By-law Number One was duly registered and became effective on August 18, 1971.

On August 19, 1971, By-law Number Two was enacted by the Corporation. It included the following provision:

The following rules and regulations shall be observed by the owners and the term owner shall include the owner or any other person occupying the unit with the owner's approval:
...
14. No animal shall be allowed upon or kept in or about the property.

Paragraph 14 is hereafter referred to as the "prohibitive paragraph".

...

In Re R. v. Napier, 1940 CanLII 106 (ON SC), [1941] O.R. 30, [1941] 1 D.L.R. 528, 75 C.C.C. 191[2], the statute authorized the passing of by-laws "For licensing, regulating and governing bill posters ...". A by-law had been passed prohibiting the distributing of bills by leaving them in or on parked motor-cars or by handing them to persons on the street. Hogg, J., concluded at p. 34 O.R., pp. 531-2 D.L.R., that:

... the prevention of such activities in connection with this trade or calling is not of such a degree that it can be said to be practically a prohibition of the entire business or trade of bill distributors. There is still left to them the large field, which seems to constitute the greater part -- or at least as great a part -- of this business, namely, of leaving bills at the residences and other buildings in the municipality.

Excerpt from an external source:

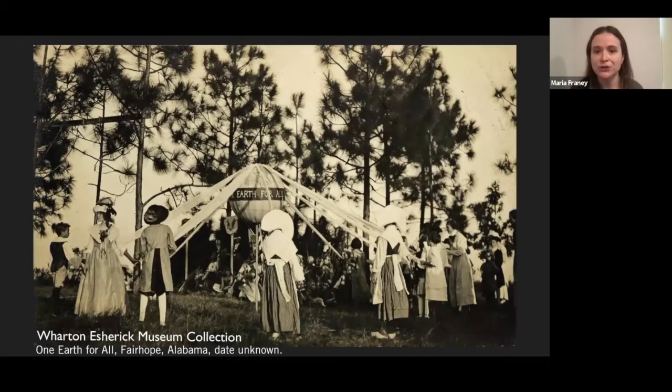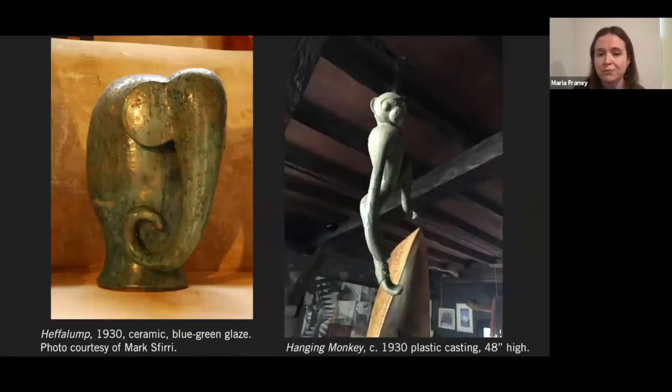I'd like to briefly travel virtually down to Fairhope, Alabama, a place that was so critical to the trajectory of Esherick's career. Wharton and his wife Letty had gone in 1919 — it's where he sort of discovered woodworking, so his career really took a key turn at that point. It's a place where in winters, artists, poets, and all sorts of thinkers and makers would descend. Wharton made a number of key connections there, including a potter named Peter McAdam, whom he happened to encounter by chance on a return trip ten years later in 1929. Together, Esherick and McAdam created about 23 ceramic garden sculptures. You're looking at just a couple here — Heffalump and Hanging Monkey, a cast of a ceramic piece. One of the most interesting things about Wharton is how unafraid he was to try new things — different styles, different media. And when something didn't work, he would just change it.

Here the power of the Corporation is to make by-laws "governing the use of units" and "governing the use of the common elements". In this appeal, the prohibitive paragraph as to allowing animals upon or keeping them in or about the units or common elements, is only a partial prohibition of the use of the units or the common elements. It would properly fall within the power to regulate the use of the units and common elements. In my view the word "governing" in s. 10(1)(b) is broad enough to include the restriction respecting animals in the prohibitive paragraph. It would be quite different if the power in s. 10(1)(b) and (c) of the Act had been to make by-laws governing the allowing or keeping of animals on the units or the common elements. In that event the prohibitive clause would have been ultra vires of the Corporation as it would have been a prohibition rather than a regulation.

It should be pointed out that the power to make by-laws under s. 10(1)(b) and under s. 10(1)(c) is with respect to "the use" of units and the common elements, whereas s. 3(2) (c) stipulates that the declaration may contain provisions respecting "the occupation and use" of the units and common elements.

As Lord Radcliffe pointed out in Arbuckle Smith & Co., Ltd. v. Greenock Corp., [1960] 1 All E.R. 568 at p. 574:

"Use" is not a word of precise meaning, but in general it conveys the idea of enjoyment derived by the user from the corpus of the object enjoyed.

...

Paragraph 14 of By-law Number Two is, in my view, beyond the powers of the Corporation in its entirety. It is not necessary to express any view as to the validity of the remaining provisions of By-law Number Two as para. 14 is severable from the remaining provisions of the by-law.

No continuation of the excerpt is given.